Nevada is cutting funding for gambling addiction programs.
NEW YORK (CNNMoney) -- Nevada's problem gambling prevention efforts are being dealt a losing hand.
Contending with a billion-dollar budget shortfall, state officials are on the verge of cutting the funding source for gambling addiction services in half. And problem gambling experts fear the consequences.
Nevada currently funds problem gambling programs through taxes on slot machines. Since 2005, $2 of the taxes on each machine has flowed into a special fund dedicated to problem gambling, which supports both treatment and prevention services.
The state's proposed budget, which is close to being passed, would halve that for the next two years.
This wouldn't be the first time Nevada officials have raided the problem gambling account to balance the budget. Last spring, the legislature siphoned $850,000 from the fund to plug a shortfall. That left only about $448,000, which was used exclusively for gambling addiction treatment. Funding for prevention and training was cut entirely.
Addiction treatment programs are expected to receive an allotment of roughly $654,000 this year, thanks to the $1 fee, said Laurie Olson, who administers gambling grants for the state. While that is more than the slashed budget from last year, it's still below previous years' levels.
But prevention and training services, which received $384,000 two years ago, are once again being left out in the cold.
"It's fairly short-sighted from a public policy perspective," said Tim Christensen, president of the Association of Problem Gambling Service Administrators. "It will cost more money in the future to make up lost ground and public awareness."

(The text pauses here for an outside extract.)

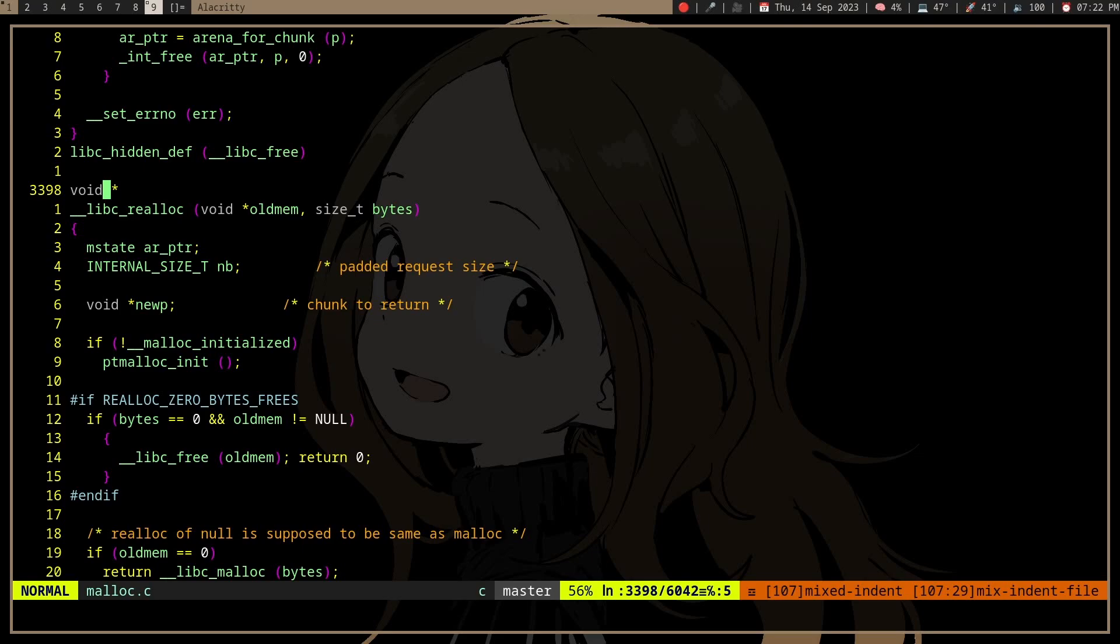But if I use realloc, I'll need to copy the original memory. That is, if the realloc is just a simple memcpy malloc free.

The absence of state funding means the Nevada Council on Problem Gambling had to scrap a proposed $150,000 media campaign to promote the national gambling addiction help line, 800-522-4700.
Also, the non-profit organization now must seek alternate funds to subsidize the cost of sending brochures to treatment centers and community agencies. And it has had to scale back its training of addiction counselors.
With the economy in Nevada still rocky, this is not the time to rein in problem gambling services, said Carol O'Hare, the council's executive director.
"When your addiction is tied to money and the biggest stress is the economy, your addiction may progress more rapidly," O'Hare said.
Nevada officials recognize that gambling addiction remains a problem, but said they had few choices.
"We're concerned, but there isn't enough revenue to go around," said Mike Willden, director of the state Department of Health and Human Services. "Every budget in the state of Nevada has taken a reduction.
Nevada is not the only place cutting back its gambling addiction resources. Other states where legislatures have the power to change the funding levels are also reducing support, Christensen said. (In many states, problem gambling services are directly tied to the legislation authorizing gambling, which makes it harder to decrease funding.)
Gambling addiction services should be supported by states where such activities are sanctioned, advocates said.
"If the state has legalized gambling, it has an even higher obligation to help prevent and treat gambling problems," said Keith Whyte, executive director for the National Council on Problem Gambling.
Correction: An earlier version of this story included incorrect numbers for previous funding levels, and expected funding for addiction treatment in the upcoming year.